• Records provided:
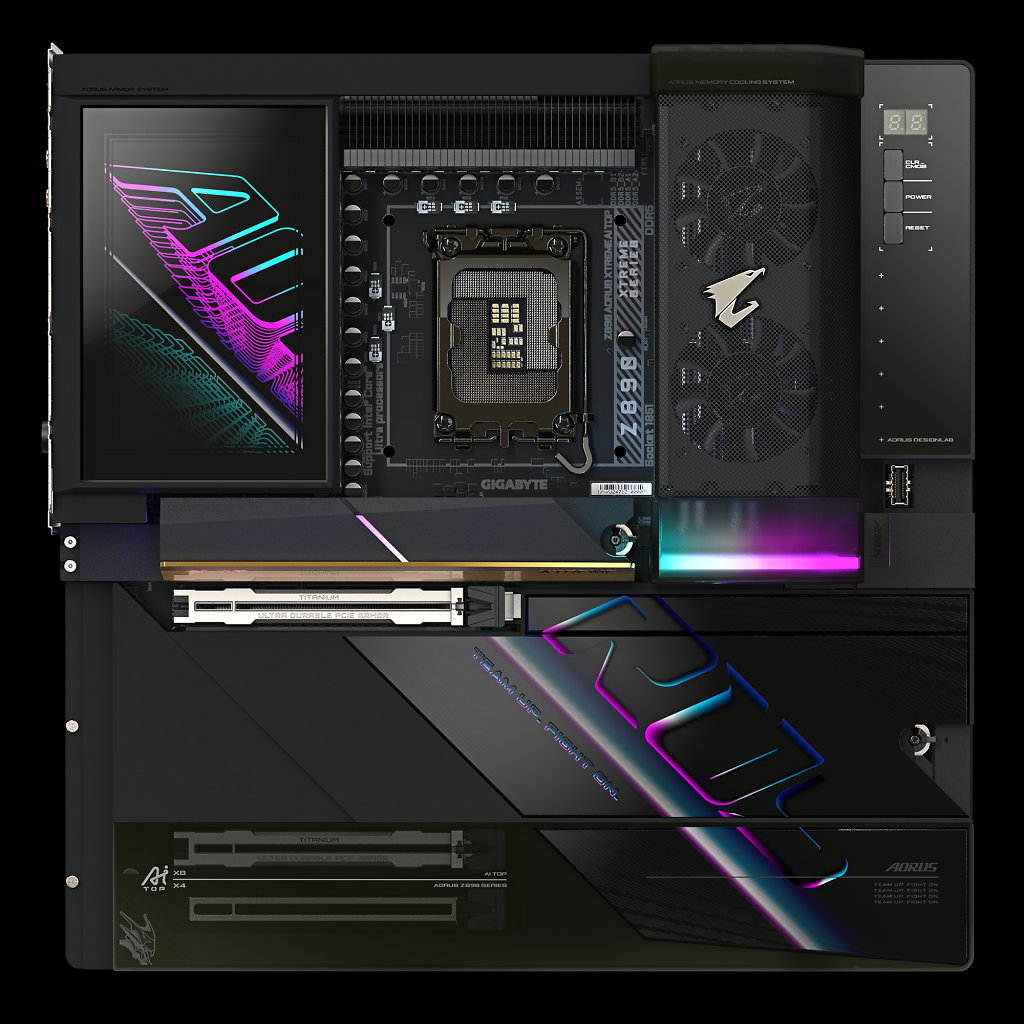 [10/10/2024] Aorus Xtreme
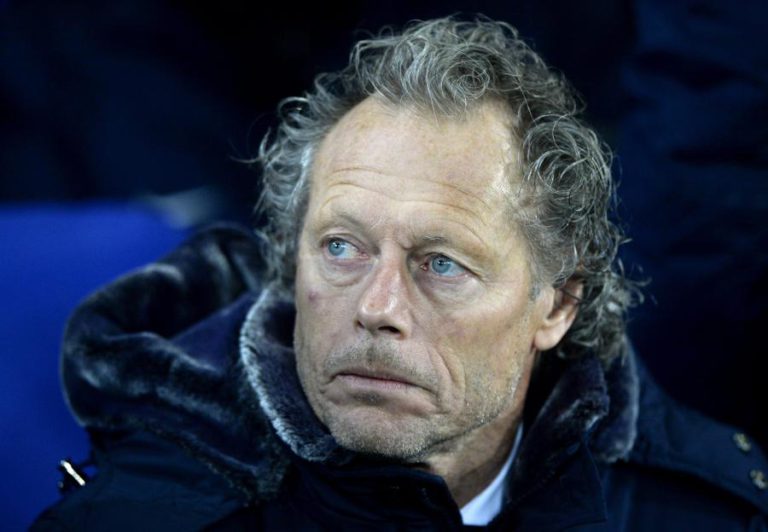 MICHEL PREUD’HOMME VAI TREINAR O STANDARD DE LIÈGE
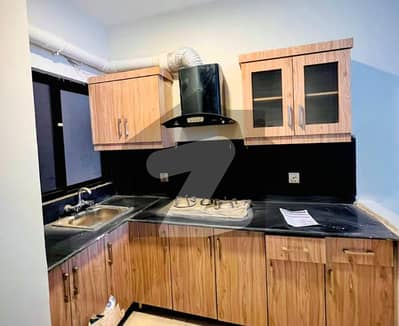 Defence Executive Non Furnished 1 Bed Room Apartment Available For Rent.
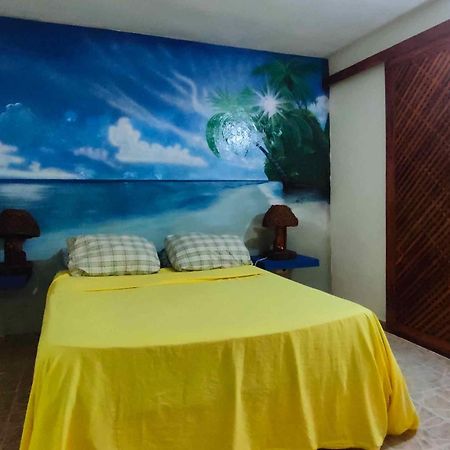 House Jardin Del Caribe Aparthotel Las Terrenas Rum bild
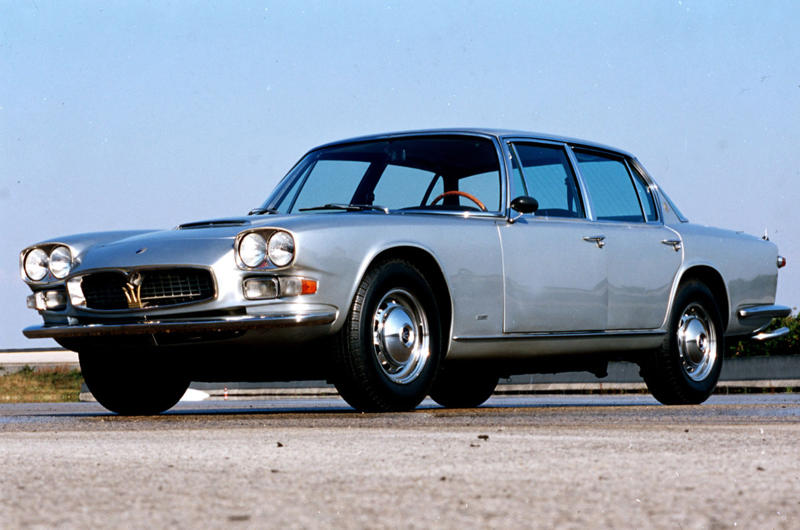 1963 Maserati Quattroporte (cont.) The world’s best super saloons, 1. 1951 Hudson Hornet, 1951 Hudson Hornet (cont.), 2. 1959 Jaguar Mk2 3.8, 1959 Jaguar Mk2 3.8 (cont.), 3. 1963 Maserati Quattroporte, 1963 Maserati Quattroporte (cont.), 4. 1966 Dodge Hemi Coronet Deluxe, 1966 Dodge Hemi Coronet Deluxe (cont.), 5. 1967 Iso Fidia, 1967 Iso Fidia (cont.), 6. 1971 Monica 560, 1971 Monica 560 (cont.), 7. 1971 De Tomaso Deauville, 1971 De Tomaso Deauville (cont.), 8. 1982 Alpina B7S Turbo, 1982 Alpina B7S Turbo (cont.), 9. 1985 AMG Hammer, 1985 AMG Hammer (cont.), 10. 1985 Bentley Turbo R, 1985 Bentley Turbo R (cont.), 11. 1986 Lancia Thema 8.32, 1986 Lancia Thema 8.32 (cont.), 12. 1988 Audi V8, 1988 Audi V8 (cont.), 13. 1990 Mercedes-Benz 190E 2.5-16 Evolution II, 1990 Mercedes-Benz 190E 2.5-16 Evolution II (cont.), 14. 1990 Lotus Carlton, 1990 Lotus Carlton (cont.), 15. 1990 Mercedes-Benz 500E, 1990 Mercedes-Benz 500E (cont.), 16. 1992 Subaru Impreza, 1992 Subaru Impreza (cont.), 17. 1992 Renault Safrane Biturbo, 1992 Renault Safrane Biturbo (cont.), 18. 1994 Jaguar XJR, 1994 Jaguar XJR (cont.), 19. 1998 BMW E39 M5, 1998 BMW E39 M5 (cont.), 20. 2000 Saab 9-5 Aero, 2000 Saab 9-5 Aero (cont.)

• What the task requires:
Write out, exactly, the lines of the material from the very first through the line containing "House Jardin Del", and leave out every picture.

• Solution to this exercise:
 [10/10/2024] Aorus Xtreme
 MICHEL PREUD’HOMME VAI TREINAR O STANDARD DE LIÈGE
 Defence Executive Non Furnished 1 Bed Room Apartment Available For Rent.
 House Jardin Del Caribe Aparthotel Las Terrenas Rum bild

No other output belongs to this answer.